▸ EXERCISE: In the records below, find the line with "Right taillight SUZUKI" and repeat exactly every line from it through the line with "Blanche: лосьон для тела 225мл, Blanche". Pictures stay out.
STORED DATA START
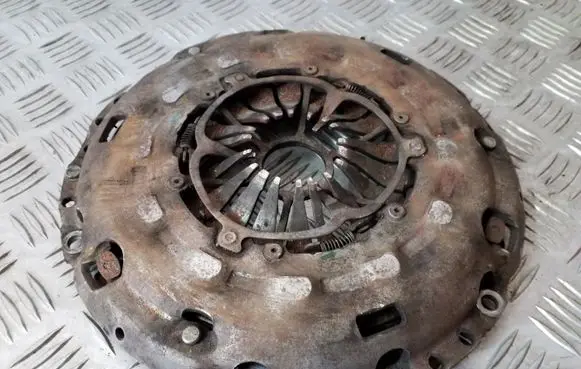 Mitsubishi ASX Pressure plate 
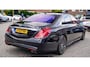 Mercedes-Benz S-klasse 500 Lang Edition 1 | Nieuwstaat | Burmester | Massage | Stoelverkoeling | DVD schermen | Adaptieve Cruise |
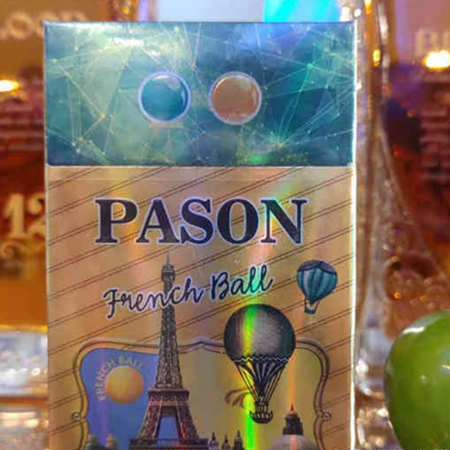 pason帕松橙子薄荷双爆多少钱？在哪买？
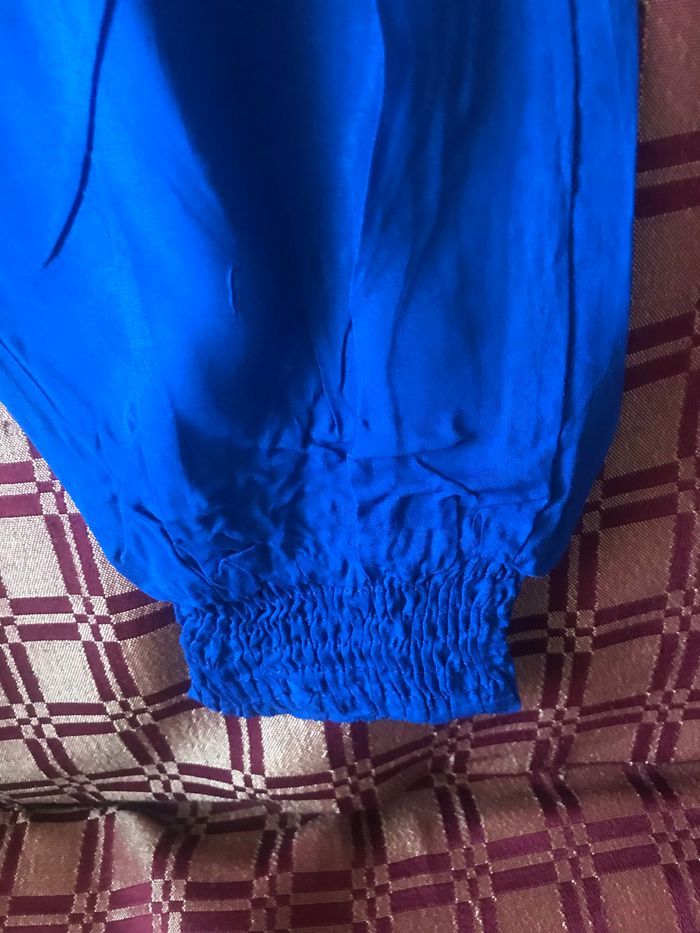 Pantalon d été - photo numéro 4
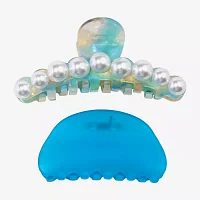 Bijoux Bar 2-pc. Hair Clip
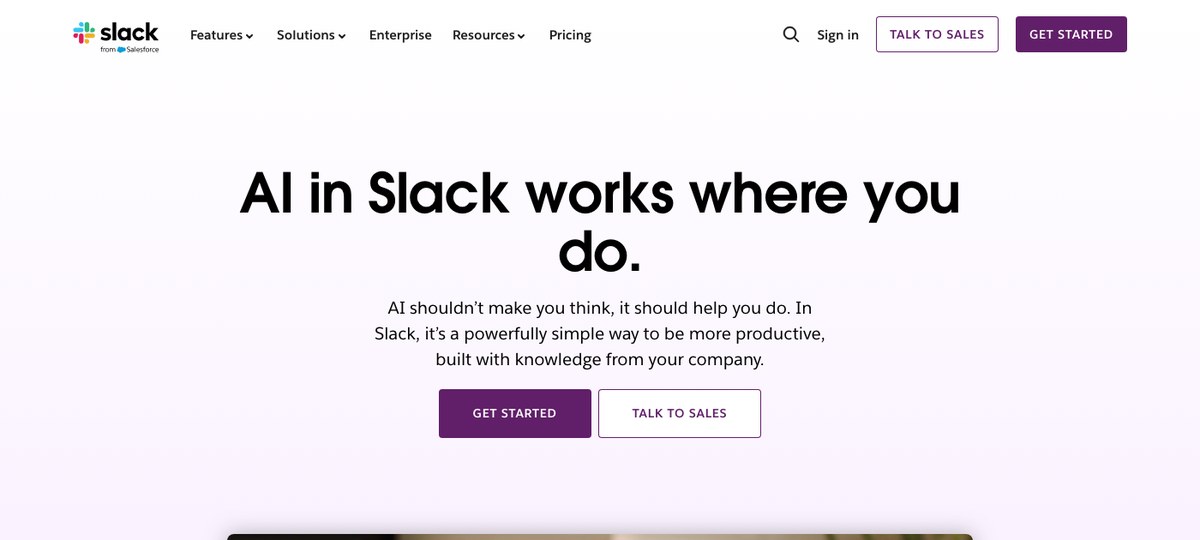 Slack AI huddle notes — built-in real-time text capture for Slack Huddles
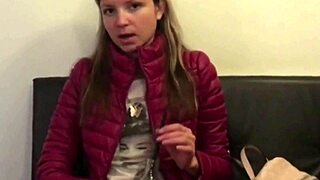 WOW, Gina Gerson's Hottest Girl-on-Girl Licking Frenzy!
STORED DATA END
STORED DATA START
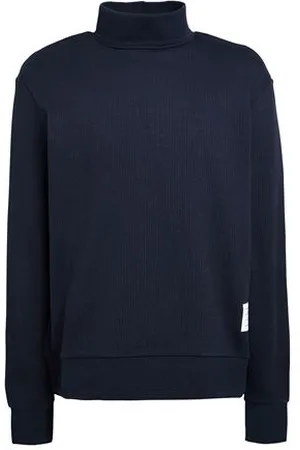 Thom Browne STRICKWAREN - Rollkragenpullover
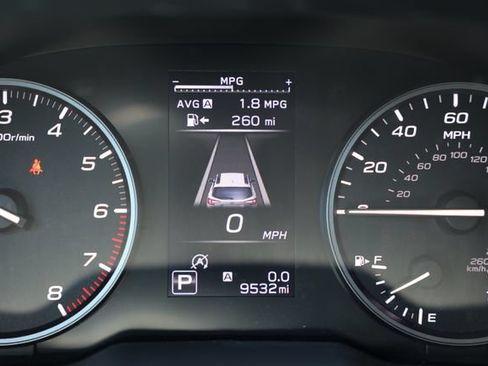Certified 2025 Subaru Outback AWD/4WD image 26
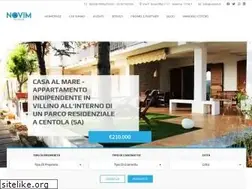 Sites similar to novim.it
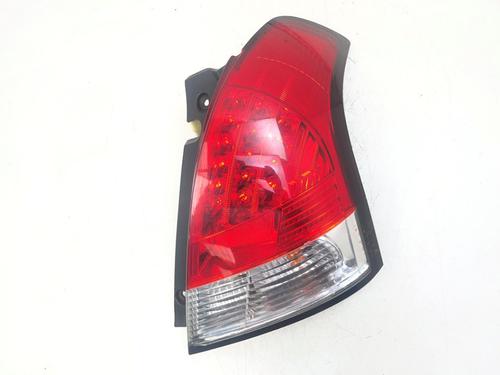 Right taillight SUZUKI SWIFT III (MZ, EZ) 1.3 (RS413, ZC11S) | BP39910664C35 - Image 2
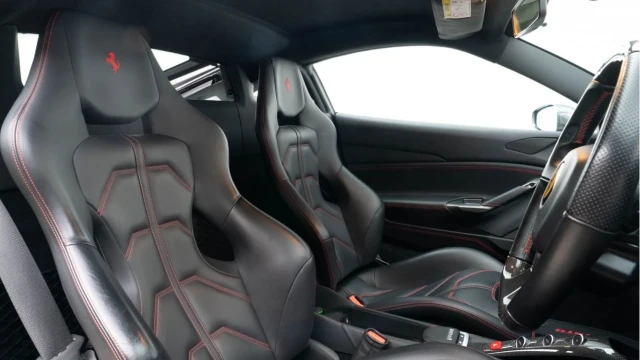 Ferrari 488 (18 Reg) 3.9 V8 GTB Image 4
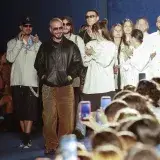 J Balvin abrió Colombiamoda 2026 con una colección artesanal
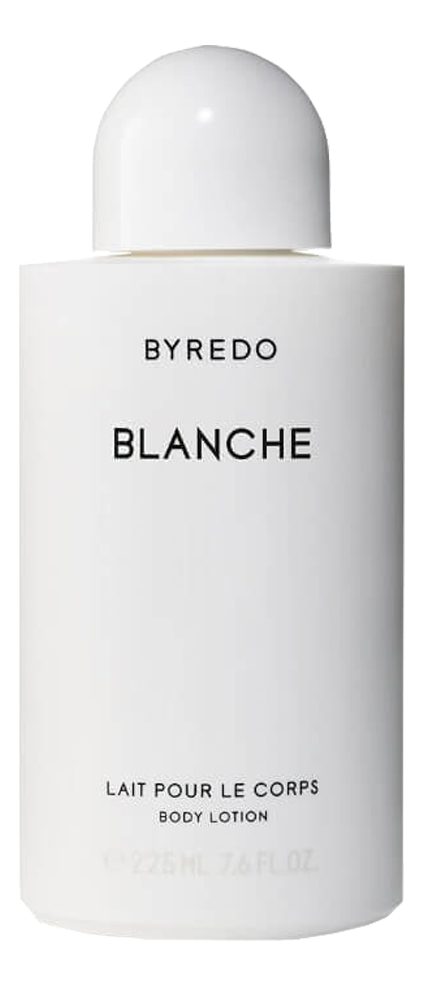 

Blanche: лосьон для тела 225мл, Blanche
STORED DATA END
▸ EXPECTED ANSWER:
 Right taillight SUZUKI SWIFT III (MZ, EZ) 1.3 (RS413, ZC11S) | BP39910664C35 - Image 2
 Ferrari 488 (18 Reg) 3.9 V8 GTB Image 4
 J Balvin abrió Colombiamoda 2026 con una colección artesanal

Blanche: лосьон для тела 225мл, Blanche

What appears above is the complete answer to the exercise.